Thursday 2 February 2012
Enter Shikari - A Flash Flood of Colour
I’m going to put this out there with no shame at all; I liked Enter Shikari’s debut album ‘Take To The Skies’. I liked it a lot, in fact I still do. It was exciting, interesting, and rammed with energy. On ‘Common Dreads’ (bar a few tracks), they lost me, but there was clear ambition in it. A genuine attempt to do something interesting. It takes courage to make the music you want to make (although it takes slightly less when you know you’ve just got backing from a major record label and legions of fans who will buy whatever you release).
The bands 3rd album ‘A Flash Flood Of Colour’ starts fairly promisingly. Opener ‘System…’ is slightly cringey lyrically but it works well as an introduction, and fades excellently into ‘Meltdown’. However it’s here things take a turn for the worse. The “breakdown” 25 seconds into Meltdown is dire. It doesn’t work at all. The pattern is repeated in ‘Sssnakepit’, the opening is alright, but the “dubstep” drop and Rou Reynolds lyrics are just plain embarrassing. It’s a shame, because without it Sssnakepit would be a fairly good song (bar the “breakdown” obviously), the chorus is catchy as hell.
It seems unnecessary to deconstruct each track individually; they all have the same flaws. ‘Search Party’ isn’t massively exciting but had promise, until they throw in a terrible “breakdown” and wreck it. ‘Stalemate’ is, again, fairly harmless (bar the lyrics, we’ll get to them) but the over the top throbbing bassline is just unnecessary. Everything is just pushed too far, and it’s a shame because the essence of the band that wrote ‘Sorry, You’re Not A Winner’ are still here somewhere. The guitar work on this album never comes close to being as exciting as that riff, and at times if feels like they’re avoiding taking opportunities to do so.

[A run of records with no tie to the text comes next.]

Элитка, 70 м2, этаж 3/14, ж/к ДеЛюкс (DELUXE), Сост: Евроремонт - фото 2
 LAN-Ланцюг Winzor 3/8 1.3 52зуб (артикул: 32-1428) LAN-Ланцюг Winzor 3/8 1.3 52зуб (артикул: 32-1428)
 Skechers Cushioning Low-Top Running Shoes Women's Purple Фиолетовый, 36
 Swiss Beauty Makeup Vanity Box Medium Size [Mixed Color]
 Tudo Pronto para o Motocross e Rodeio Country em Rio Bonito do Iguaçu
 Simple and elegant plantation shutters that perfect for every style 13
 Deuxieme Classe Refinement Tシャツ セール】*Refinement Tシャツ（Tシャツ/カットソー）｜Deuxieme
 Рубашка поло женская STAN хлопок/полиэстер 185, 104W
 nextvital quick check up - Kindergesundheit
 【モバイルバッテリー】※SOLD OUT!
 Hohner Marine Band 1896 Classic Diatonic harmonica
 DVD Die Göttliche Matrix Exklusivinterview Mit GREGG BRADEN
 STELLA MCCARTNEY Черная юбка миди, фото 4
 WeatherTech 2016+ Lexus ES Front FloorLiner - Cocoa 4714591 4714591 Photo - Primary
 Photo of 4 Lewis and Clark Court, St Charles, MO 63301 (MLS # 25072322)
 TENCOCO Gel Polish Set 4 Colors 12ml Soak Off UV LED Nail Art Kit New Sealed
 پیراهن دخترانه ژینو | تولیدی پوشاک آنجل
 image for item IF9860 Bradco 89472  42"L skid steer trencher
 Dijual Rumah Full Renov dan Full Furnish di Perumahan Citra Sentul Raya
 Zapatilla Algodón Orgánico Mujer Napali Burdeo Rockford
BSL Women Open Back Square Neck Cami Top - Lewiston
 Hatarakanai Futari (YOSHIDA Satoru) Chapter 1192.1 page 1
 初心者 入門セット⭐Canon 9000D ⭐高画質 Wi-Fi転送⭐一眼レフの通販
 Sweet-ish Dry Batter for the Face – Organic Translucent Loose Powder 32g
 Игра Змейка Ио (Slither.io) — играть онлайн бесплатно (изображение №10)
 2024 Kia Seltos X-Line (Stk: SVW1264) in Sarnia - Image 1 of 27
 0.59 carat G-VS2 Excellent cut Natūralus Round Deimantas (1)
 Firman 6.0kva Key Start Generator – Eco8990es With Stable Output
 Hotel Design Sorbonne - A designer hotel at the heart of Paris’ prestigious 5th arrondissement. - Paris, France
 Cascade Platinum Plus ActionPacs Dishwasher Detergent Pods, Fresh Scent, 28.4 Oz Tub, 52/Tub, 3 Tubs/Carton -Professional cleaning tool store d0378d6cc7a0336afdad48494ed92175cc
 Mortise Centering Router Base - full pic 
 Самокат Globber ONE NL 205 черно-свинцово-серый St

Now, the lyrics. The band has clearly decided to take an even more political stance than before, but rather than lead to them discussing interesting points it’s just cringe-worthy. I’m in no position to judge whether or not they actually know what they’re talking about, but on AFFOC it makes them sound like 4 lads shouting “the system is bad” over and over. ‘Meltdown’ contains some of the worst moments, where we find Rou shouting the likes of “countries are just lines drawn in the sand with a stick”.
There’s a part of me that would like to commend the bands ambition. There’s no doubt that the music found here is exactly what they wanted to produce, they’ve made an album which sounds exactly how they want it. The problem comes when the ambition is pushed too far at every turn. The lyrics are bad, but I could take or leave that if the music was decent, but it’s just not. It’s poorly crafted; the “breakdowns” (both the guitar and synth ones) ruin any flow the song may have built up. The dubstep parts and hardcore parts rarely blend together at all, never mind well, and it leaves the feeling of a record that could have been good had the band not tried quite so hard to make something new.
Who knows? Maybe I just don’t get it.